Another area in which the government may have to shell out more money would be in the rural employment guarantee scheme (MNREGA) in which the daily wage, though indexed to inflation, remains very low and there has been a long standing demand for increasing the wage. The government is under pressure to hike the MNREGA wage rate. There is a huge amount of arrears to be paid. Recently the government has announced that it will raise the daily wage rate also.
With the new pay scales, the government job vacancies ought to get filled. It is shocking that the Union government has 7,28,870 vacancies and a huge manpower shortage. The worst- affected ministries are finance and science and technology. Hiring temporary staff on contracts is the most favoured mode of employment by the government ministries. With 23.5 per cent salary hikes, everyone expects that the government will work more efficiently. But the hard performance criteria of the private sector are not applicable for government employees. Non-performers, according to the Seventh Pay Commission, will be phased out after 20 years, meaning that the annual increment will be stopped.

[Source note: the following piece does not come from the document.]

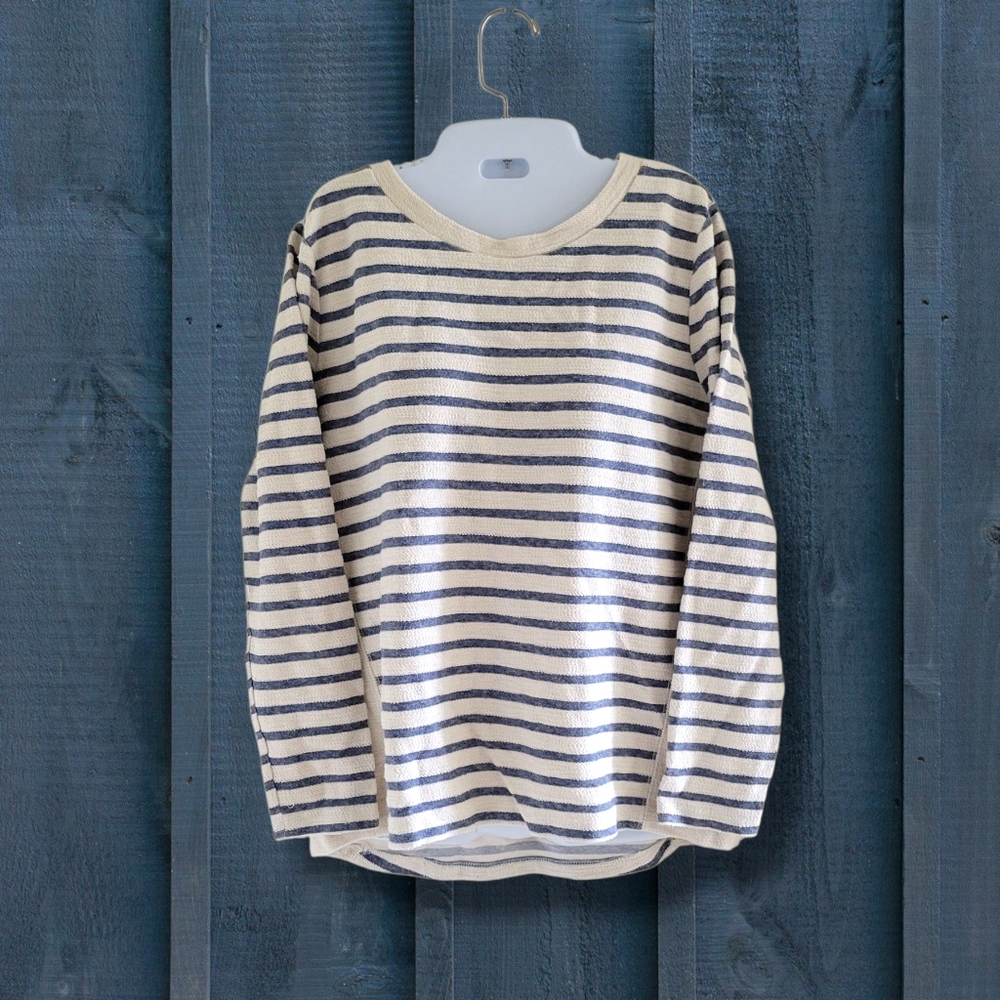 Per Se Sport | Cozy Cream/Blue Nautical Striped Long Sleeve Sweater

There will be pressure on the fiscal situation with an outgo of Rs 1 lakh crore towards pay hikes for government employees, especially when the target for fiscal deficit has been set at 3.5 per cent for 2016-17. If we add to it a higher MSP and minimum wage in the Central government sphere as well as a hike in MNREGA daily wage, the government’s wage bill will rise. There could be inflationary pressure generated by the rise in demand.
The RBI is playing a cautious game and is bent upon controlling inflation especially the CPI. It has not reduced the interest rate from 6.75 per cent because it wants to keep inflation muted. It may want to maintain status quo for some time with a threat of inflation returning. But the problem is going to be with new investments without which the GDP growth rate will flounder and tax revenues may fall which will make all wage hikes difficult to implement.
Finance Minister Arun Jaitley has said the government pay hikes will not trigger an inflationary spiral because with oil and commodity prices down and better revenue collection, the government will be saving money and there is enough leeway for spending more on salaries. The government, however, in a last minute bid to meet the fiscal deficit may indulge in cutting capital expenditure which will be disastrous.
Last year, the Union Budget slashed health expenditure. The state of healthcare in India is most unsatisfactory, especially in maternal and infant healthcare. Compromising on healthcare and education expenditure could prove to be dangerous. The question is how to finance the hefty pay hikes when there is only nascent economic recovery and marginal increases in tax revenue.